Although commentary on The Silmarillion has primarily focused on the work as a whole, the reaction to the Ainulindalë has been generally positive. Joseph Pearce, a Roman Catholic commentator, called it "the most important part of The Silmarillion" and said, "The myth of creation is perhaps the most significant and most beautiful of Tolkien's works." The scholar of humanities Brian Rosebury considered the Ainulindalë a success, with "appropriately 'scriptural'" prose. Several Jesuits have praised the story; James V. Schall said, "I have never read anything as beautiful as the first page of The Silmarillion" and Robert Murray said, "In all literature, from the formation of the sacred books of humanity, it is very difficult to find a comparable mythological story of creation by its beauty and imaginative power."

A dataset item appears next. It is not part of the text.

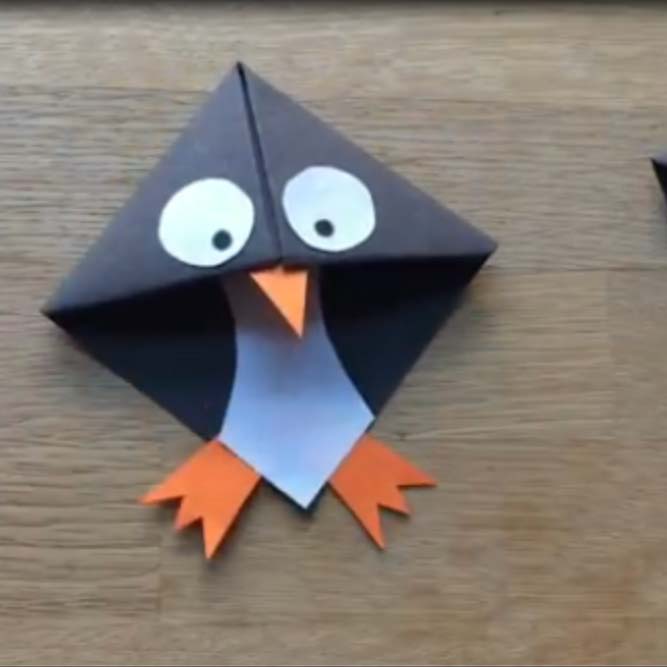 اوریگامی بوکمارک پنگوئن اوریگامی بوکمارک پنگوئن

According to Fantasy Literature: A Core Collection and Reference Guide, "Every part of [The Silmarillion] benefits from the power and audacity of imaginative genius Tolkien and his brilliant style" and the Ainulindalë has "organ tones". Although Ralph C. Wood called it "one of the finest and most original of [Tolkien's] writings", the stylistic differences between this story and the rest of The Silmarillion have been the subject of debate.

The American opera singer Adam C. J. Klein composed an opera, Leithian, based on The Silmarillion, while the American contemporary classical composer Frank Felice wrote an orchestral version of the Ainulindalë. According to the Tolkien scholar Colin Duriez, the Ainulindalë may have inspired C. S. Lewis to have his fictional world of Narnia created from a song.